◆ What you will do: Would you reproduce exactly the lines below from the one holding "Lugano 84 in." through the one holding "Aufkleber empty computer", inclusive, and no others?

◆ Data records:
========================================================================

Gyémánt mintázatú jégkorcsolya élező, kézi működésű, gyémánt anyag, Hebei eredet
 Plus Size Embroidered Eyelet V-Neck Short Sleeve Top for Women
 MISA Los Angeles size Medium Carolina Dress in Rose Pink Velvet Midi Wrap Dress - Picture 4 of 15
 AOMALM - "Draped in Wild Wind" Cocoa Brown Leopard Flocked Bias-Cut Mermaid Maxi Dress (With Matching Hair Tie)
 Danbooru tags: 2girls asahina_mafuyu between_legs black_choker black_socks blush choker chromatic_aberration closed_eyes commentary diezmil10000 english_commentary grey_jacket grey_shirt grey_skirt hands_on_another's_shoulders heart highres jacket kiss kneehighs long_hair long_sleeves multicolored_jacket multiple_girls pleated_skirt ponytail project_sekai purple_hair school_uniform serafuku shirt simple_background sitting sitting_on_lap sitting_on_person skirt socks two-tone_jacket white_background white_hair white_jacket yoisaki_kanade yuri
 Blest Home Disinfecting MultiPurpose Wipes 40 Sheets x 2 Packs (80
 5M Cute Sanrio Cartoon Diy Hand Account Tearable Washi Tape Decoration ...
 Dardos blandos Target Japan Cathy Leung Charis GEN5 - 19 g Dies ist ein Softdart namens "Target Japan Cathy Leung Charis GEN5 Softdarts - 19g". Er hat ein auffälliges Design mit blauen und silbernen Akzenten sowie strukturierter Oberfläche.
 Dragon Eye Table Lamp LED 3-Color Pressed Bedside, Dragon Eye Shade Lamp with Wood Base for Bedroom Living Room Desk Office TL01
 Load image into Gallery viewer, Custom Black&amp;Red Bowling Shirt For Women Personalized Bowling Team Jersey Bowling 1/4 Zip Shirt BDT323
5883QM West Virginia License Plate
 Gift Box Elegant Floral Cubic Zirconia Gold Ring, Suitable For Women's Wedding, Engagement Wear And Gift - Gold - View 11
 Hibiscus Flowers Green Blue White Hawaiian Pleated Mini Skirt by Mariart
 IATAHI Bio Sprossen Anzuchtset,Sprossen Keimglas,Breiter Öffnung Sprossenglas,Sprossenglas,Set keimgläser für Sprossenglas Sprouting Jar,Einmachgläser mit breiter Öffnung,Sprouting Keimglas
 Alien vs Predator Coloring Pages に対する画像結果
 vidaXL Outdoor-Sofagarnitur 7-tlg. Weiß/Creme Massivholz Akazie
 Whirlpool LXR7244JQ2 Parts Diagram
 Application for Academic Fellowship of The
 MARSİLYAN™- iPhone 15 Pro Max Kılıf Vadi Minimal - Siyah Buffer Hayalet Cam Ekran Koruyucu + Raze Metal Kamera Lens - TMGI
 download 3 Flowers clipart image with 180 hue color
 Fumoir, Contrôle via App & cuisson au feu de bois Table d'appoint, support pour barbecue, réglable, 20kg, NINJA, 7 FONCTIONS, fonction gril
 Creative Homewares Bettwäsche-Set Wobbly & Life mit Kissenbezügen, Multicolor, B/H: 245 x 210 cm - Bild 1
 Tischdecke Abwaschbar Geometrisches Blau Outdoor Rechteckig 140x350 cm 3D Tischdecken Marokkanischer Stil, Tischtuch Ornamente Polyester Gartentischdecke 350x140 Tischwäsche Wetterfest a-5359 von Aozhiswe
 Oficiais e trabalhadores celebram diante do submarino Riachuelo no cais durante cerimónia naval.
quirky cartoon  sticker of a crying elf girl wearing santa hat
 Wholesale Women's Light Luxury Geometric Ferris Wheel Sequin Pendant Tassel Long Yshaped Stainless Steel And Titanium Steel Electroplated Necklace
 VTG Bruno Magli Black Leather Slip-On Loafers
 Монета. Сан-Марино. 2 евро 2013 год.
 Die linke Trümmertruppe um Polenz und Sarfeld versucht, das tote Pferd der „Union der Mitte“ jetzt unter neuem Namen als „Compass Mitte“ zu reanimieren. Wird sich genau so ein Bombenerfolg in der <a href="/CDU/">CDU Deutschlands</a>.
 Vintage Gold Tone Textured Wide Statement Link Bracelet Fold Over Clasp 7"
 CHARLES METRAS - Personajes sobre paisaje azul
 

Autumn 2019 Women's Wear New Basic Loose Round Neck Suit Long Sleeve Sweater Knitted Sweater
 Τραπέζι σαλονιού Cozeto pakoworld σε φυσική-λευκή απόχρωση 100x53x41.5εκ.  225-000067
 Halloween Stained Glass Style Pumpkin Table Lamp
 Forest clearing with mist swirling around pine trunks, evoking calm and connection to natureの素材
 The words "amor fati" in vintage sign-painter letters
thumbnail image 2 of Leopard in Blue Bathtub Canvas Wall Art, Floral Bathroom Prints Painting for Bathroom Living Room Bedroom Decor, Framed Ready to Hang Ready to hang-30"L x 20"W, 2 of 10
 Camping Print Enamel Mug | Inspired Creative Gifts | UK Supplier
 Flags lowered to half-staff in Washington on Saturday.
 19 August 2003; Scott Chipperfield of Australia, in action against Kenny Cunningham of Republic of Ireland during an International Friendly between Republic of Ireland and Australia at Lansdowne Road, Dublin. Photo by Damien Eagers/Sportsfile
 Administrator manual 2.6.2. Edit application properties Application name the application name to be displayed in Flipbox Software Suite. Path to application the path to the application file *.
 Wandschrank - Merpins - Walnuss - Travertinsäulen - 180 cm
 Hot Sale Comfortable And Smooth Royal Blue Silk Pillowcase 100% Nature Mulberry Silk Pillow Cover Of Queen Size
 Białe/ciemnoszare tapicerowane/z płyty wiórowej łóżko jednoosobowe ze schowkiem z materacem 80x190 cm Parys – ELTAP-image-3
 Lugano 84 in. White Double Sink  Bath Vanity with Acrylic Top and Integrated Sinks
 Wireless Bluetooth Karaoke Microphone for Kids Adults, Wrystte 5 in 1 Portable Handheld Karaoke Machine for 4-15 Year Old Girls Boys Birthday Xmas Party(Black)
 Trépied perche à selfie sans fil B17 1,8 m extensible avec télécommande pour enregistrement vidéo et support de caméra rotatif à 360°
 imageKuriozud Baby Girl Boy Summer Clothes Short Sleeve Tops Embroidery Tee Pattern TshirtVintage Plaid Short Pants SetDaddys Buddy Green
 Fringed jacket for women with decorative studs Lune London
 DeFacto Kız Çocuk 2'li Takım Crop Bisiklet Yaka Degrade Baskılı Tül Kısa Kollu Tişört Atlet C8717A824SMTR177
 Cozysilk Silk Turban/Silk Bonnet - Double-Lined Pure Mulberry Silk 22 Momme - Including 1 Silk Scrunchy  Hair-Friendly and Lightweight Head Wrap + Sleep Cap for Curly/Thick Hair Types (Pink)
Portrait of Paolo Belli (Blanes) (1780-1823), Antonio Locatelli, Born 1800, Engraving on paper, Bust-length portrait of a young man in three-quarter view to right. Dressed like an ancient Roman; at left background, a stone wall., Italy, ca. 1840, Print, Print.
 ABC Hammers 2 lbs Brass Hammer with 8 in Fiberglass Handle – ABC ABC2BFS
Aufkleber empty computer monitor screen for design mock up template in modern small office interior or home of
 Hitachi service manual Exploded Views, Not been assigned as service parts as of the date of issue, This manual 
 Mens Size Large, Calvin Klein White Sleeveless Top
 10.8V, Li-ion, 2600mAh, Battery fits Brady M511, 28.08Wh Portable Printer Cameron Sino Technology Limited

========================================================================

◆ Output for this task:
 Lugano 84 in. White Double Sink  Bath Vanity with Acrylic Top and Integrated Sinks
 Wireless Bluetooth Karaoke Microphone for Kids Adults, Wrystte 5 in 1 Portable Handheld Karaoke Machine for 4-15 Year Old Girls Boys Birthday Xmas Party(Black)
 Trépied perche à selfie sans fil B17 1,8 m extensible avec télécommande pour enregistrement vidéo et support de caméra rotatif à 360°
 imageKuriozud Baby Girl Boy Summer Clothes Short Sleeve Tops Embroidery Tee Pattern TshirtVintage Plaid Short Pants SetDaddys Buddy Green
 Fringed jacket for women with decorative studs Lune London
 DeFacto Kız Çocuk 2'li Takım Crop Bisiklet Yaka Degrade Baskılı Tül Kısa Kollu Tişört Atlet C8717A824SMTR177
 Cozysilk Silk Turban/Silk Bonnet - Double-Lined Pure Mulberry Silk 22 Momme - Including 1 Silk Scrunchy  Hair-Friendly and Lightweight Head Wrap + Sleep Cap for Curly/Thick Hair Types (Pink)
Portrait of Paolo Belli (Blanes) (1780-1823), Antonio Locatelli, Born 1800, Engraving on paper, Bust-length portrait of a young man in three-quarter view to right. Dressed like an ancient Roman; at left background, a stone wall., Italy, ca. 1840, Print, Print.
 ABC Hammers 2 lbs Brass Hammer with 8 in Fiberglass Handle – ABC ABC2BFS
Aufkleber empty computer monitor screen for design mock up template in modern small office interior or home of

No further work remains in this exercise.